If a user setups an iCloud account for the first time, but does not enable Find My Mac from the beginning, then it will not have a value that you can pick up on from that plist. In other words, the file MobileMeAccounts.plist will exist but it won't be able to print anything related to Find My Mac because the Enabled key won't exist. If you enable it and then disable it, it will report False, but not before it has been enabled at least once it seems.

gurduv
New Contributor III

Here's my take of the FFM EA, which check the NVRam to see if FFM was enabled.
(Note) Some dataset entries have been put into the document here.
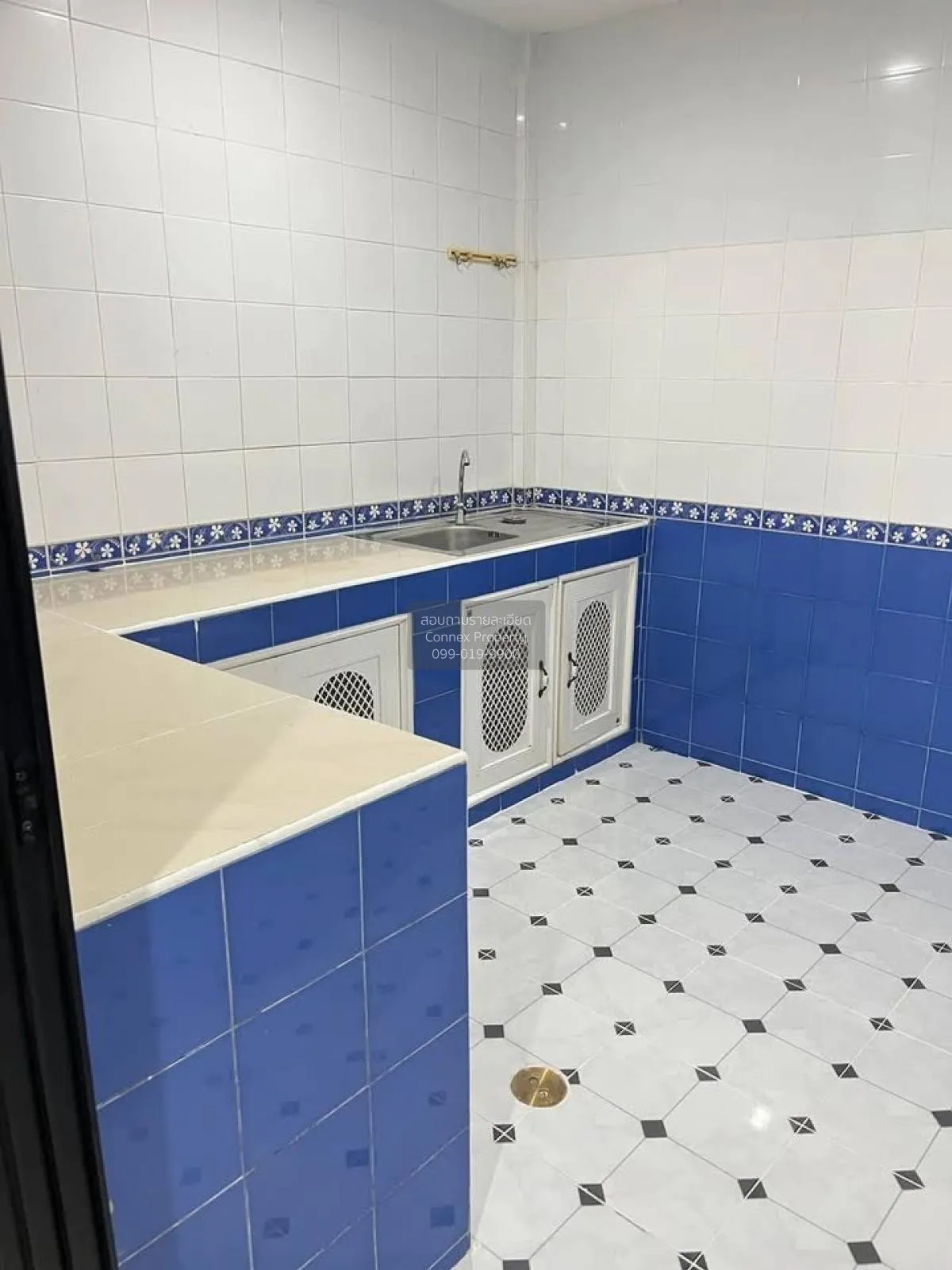 For Sale Townhouse/Townhome  , Baan DD House , Krathum Rai , Nong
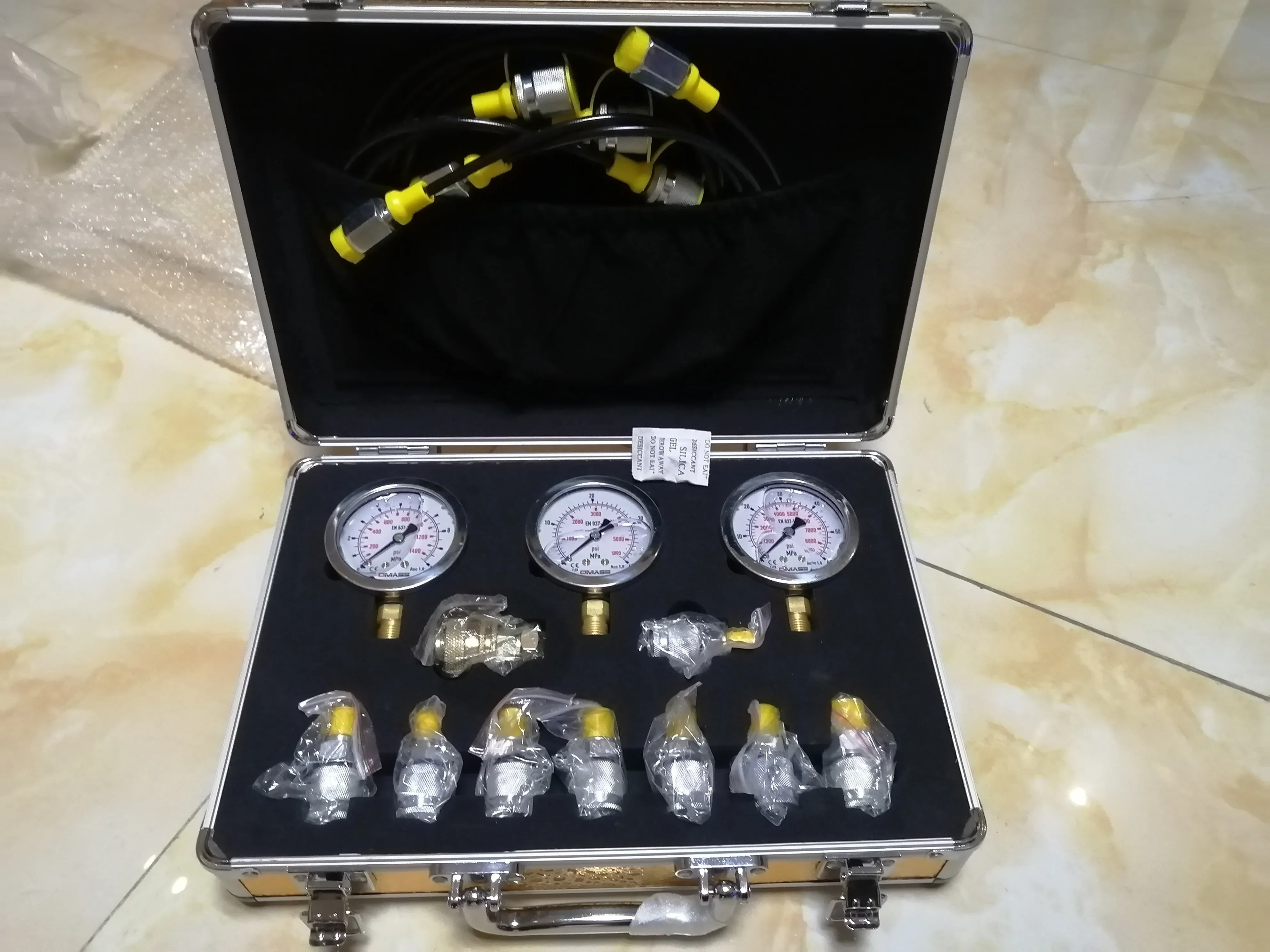 

2025/Excavator Hydraulic Gauge 0-25 MPa 0-3500 PSI Pressure Test Gauge For Sale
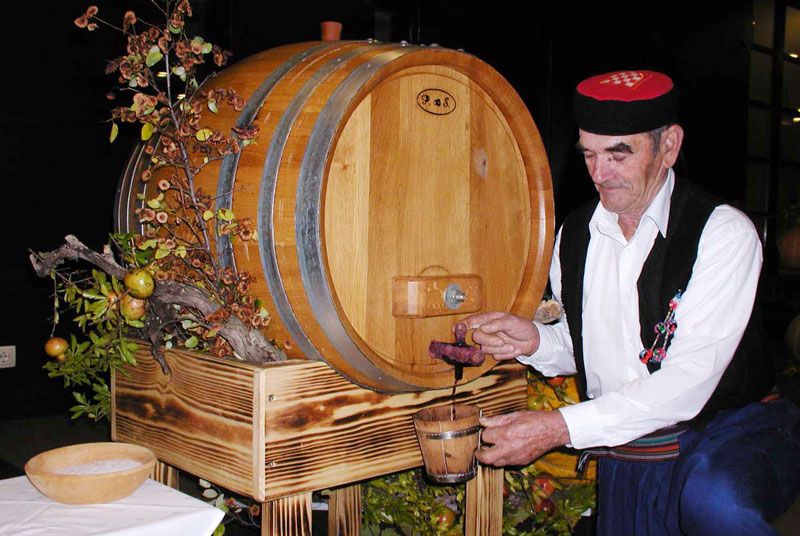 kušanje mladog vina u Brotnju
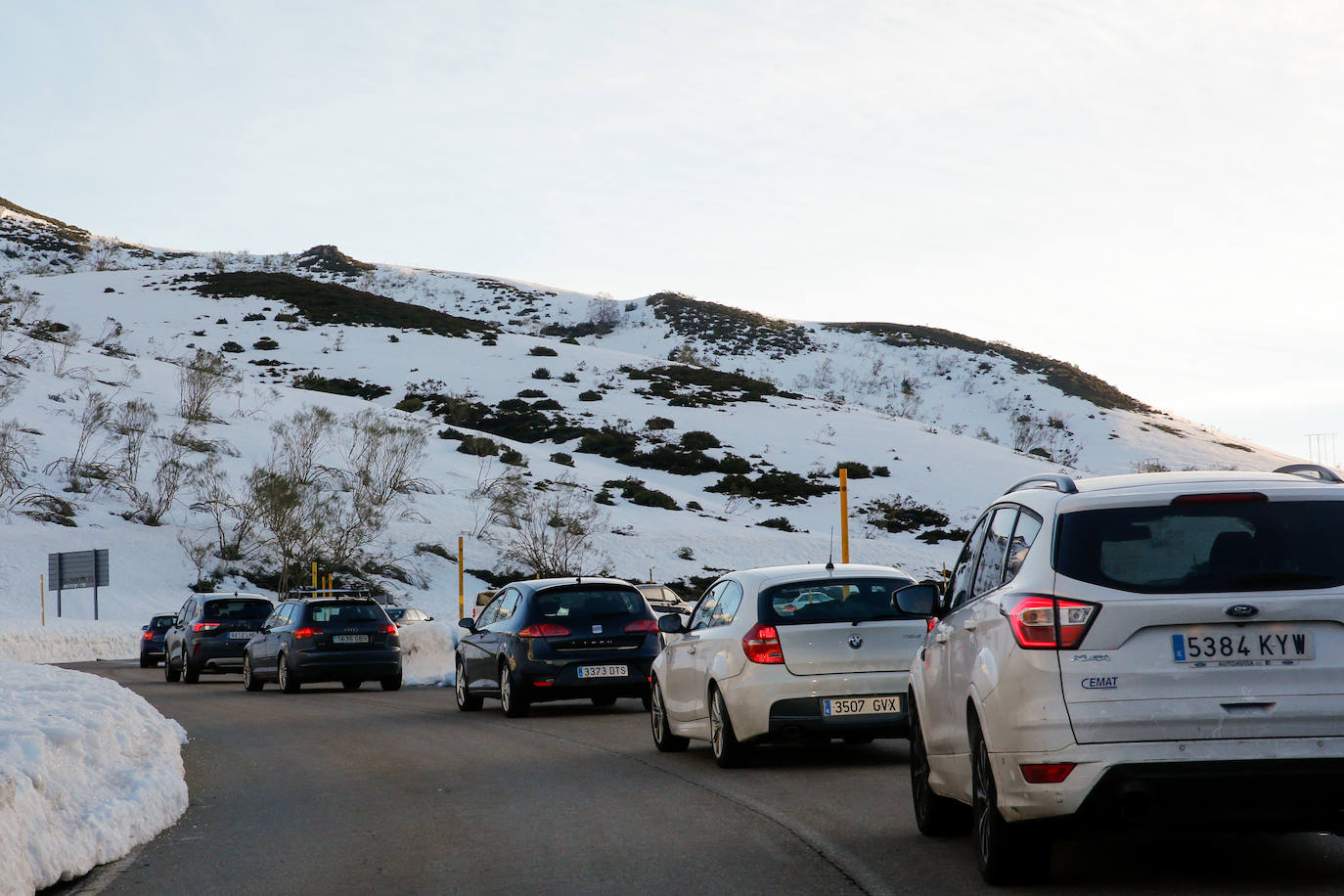 El temporal ha dado una tregua al Principado y los aficionados al esquí han querido aprovecharlo. Numerosos usuarios se han acercado este domingo a Fuentes de Invierno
Downside is that when a Mac is formatted the NVRam record stays until NVRam is reseted :

#!/bin/sh
# to see if machine is enrolled in Find My Mac

    if [ $(nvram -p | grep -c 'fmm-mobileme-token-FMM') -eq 0 ]; then 
        FindMyMac="Not Enabled"
    else
        FindMyMac="Enabled"
    fi

echo "<result>$FindMyMac</result>"

dgreening
Valued Contributor II

I have been purging the FMM token from NVRAM as part of our Imaging setup script in order to avoid this issue.

#!/bin/sh
# Purge any Find My Mac tokens from NVRAM

/usr/sbin/nvram -d fmm-mobileme-token-FMM
echo "FMM Token Purged"

gurduv
New Contributor III

@dgreening Great idea, I'll use it.

spraguga
Contributor

@dgreening Does this still work if the user has left the company and has enabled the iCloud lock on the computer? Or does this still require a ticket to Apple to unlock?

sdagley
Esteemed Contributor II

It appears that /usr/sbin/nvram -d fmm-mobileme-token-FMM no longer works, or at least doesn't work in macOS Catalina. Anyone found a method that does?

MikeF
Contributor II

What we have been using for this was a terminal command. We reformat all of our macs when they come back from a user. We found that while doing this we just open terminal and run this command
nvram -c
On the next reboot with will clear the NV ram and clears the find my mac flag.
We have also found this to work if the user runs this. It the find my mac flag is set run this and it updates on the next reboot.